*** Given data Section Begins ***

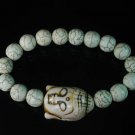 Turquoise White Buddha Bead White Veins Ball Beads Stretch Bracelet ZZ2229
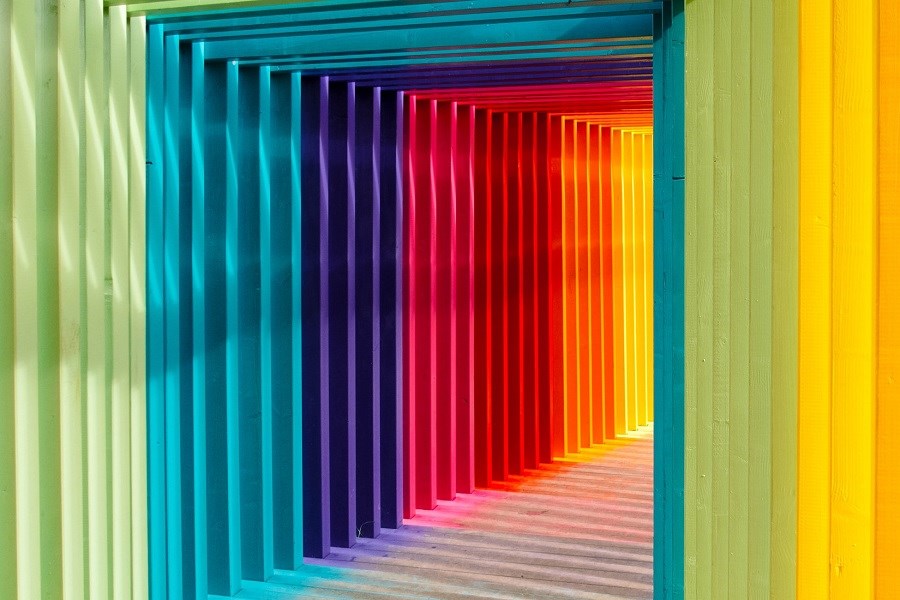 Multicoloured hallway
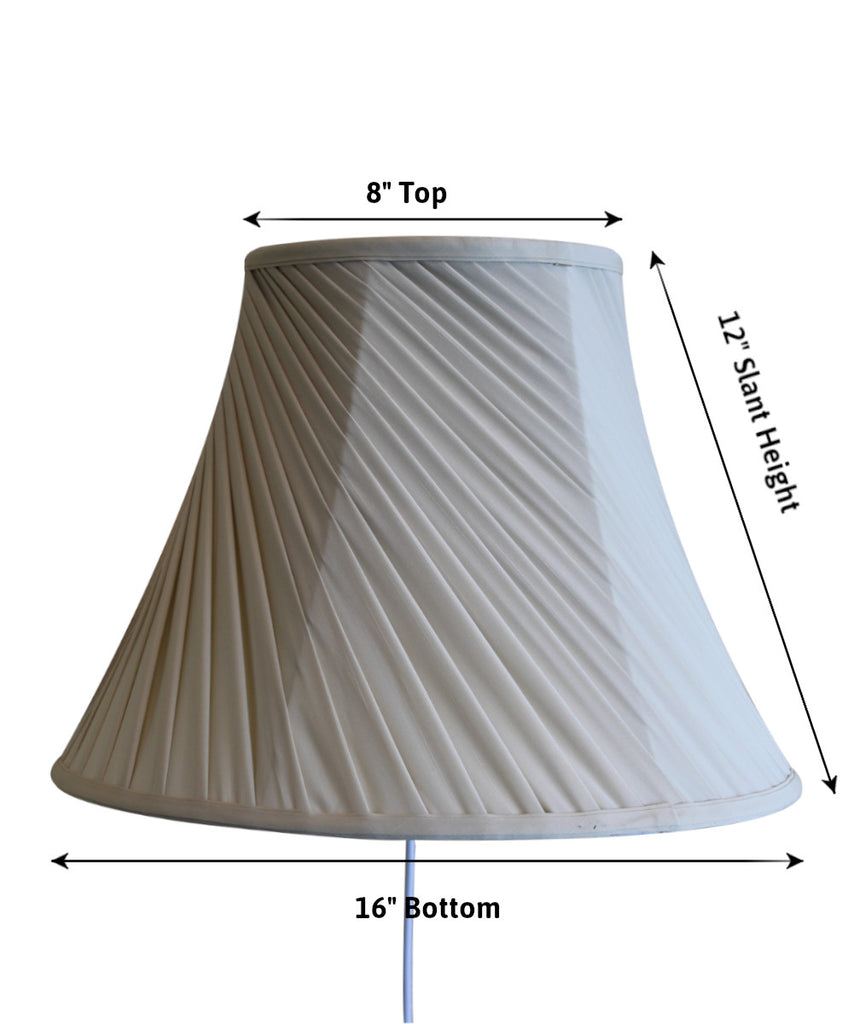 Floating Shade Plug-In Wall Light Eggshell Silk Fabric Twist 8x16x12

*** Given data Section Ends ***

All the lines above must be written out exactly, without a single picture.

◆ Expected answer:
 Turquoise White Buddha Bead White Veins Ball Beads Stretch Bracelet ZZ2229
 Multicoloured hallway
 Floating Shade Plug-In Wall Light Eggshell Silk Fabric Twist 8x16x12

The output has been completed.